Written by guest blogger Perditax
What belief requires in this context is that the listener take a woman’s statements seriously. That’s all. No more. No less. Here’s an example of that sort of belief:
Think of a small child, about 4 years old. This child tells you with absolute certainty that there’s a monster in her closet. You have two choices. The first option is that you can believe her. You can believe that she believes in the monster. You don’t have to believe in the monster yourself; you just need to believe that this monster is a problem the child is having that needs to be addressed. So you investigate. You stay up with her one night and listen for the monster.

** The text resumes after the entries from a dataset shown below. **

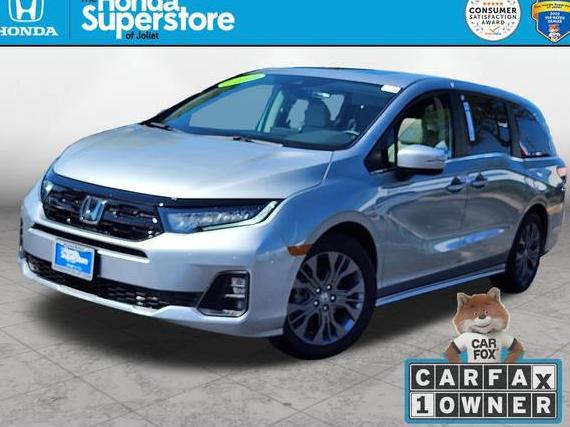 HONDA ODYSSEY 2025 5FNRL6H82SB028074 image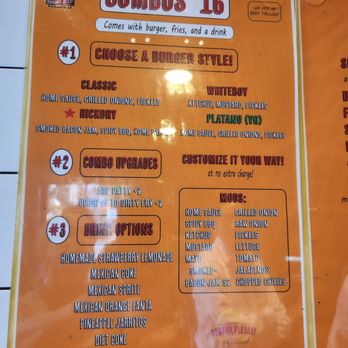 Spread Please - Page one... - Burgers Near Me - El Segundo, California Spread Please - Page one... - Burgers Near Me - El Segundo, California
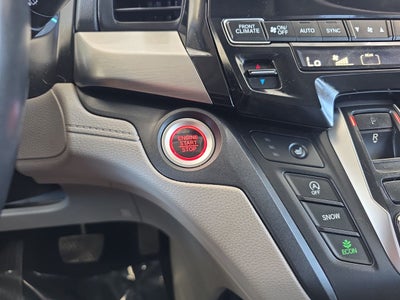 2018 Honda Odyssey Touring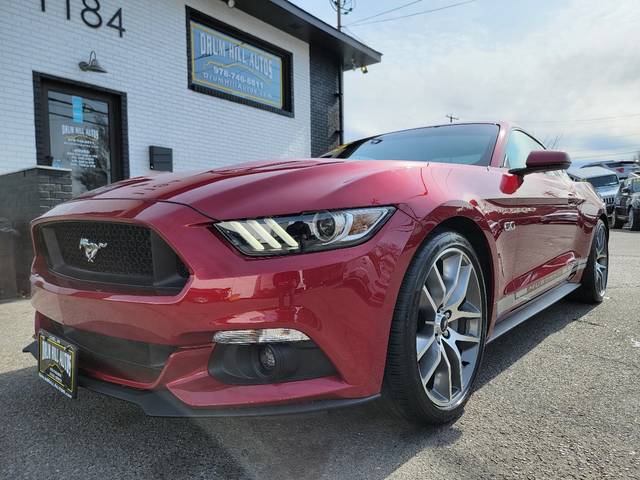 2015 Ford Mustang GT Premium RWD photo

Are there any mysterious noises in the closet that sound monster-like? Is there a mouse in the walls making scary scratching sounds? Do you need to have a talk with the cat? Are there any shadows that look particularly scary when the lights are out? Or is there no “proof” of a monster at all? If there’s no proof of a monster, then the child is still definitely afraid of something, and this fear is expressing itself as fear of monsters. So, you talk with the child, ask what she’s afraid of other than the monster. Try to figure out how to soothe her fears. Try to figure out what the monster really is. Fear of a new school? Fear of the new baby brother or sister that’s on the way taking her place or taking her mom away from her? You find out what this monster is. Together, you and the child find this monster, real or imaginary, and deal with it.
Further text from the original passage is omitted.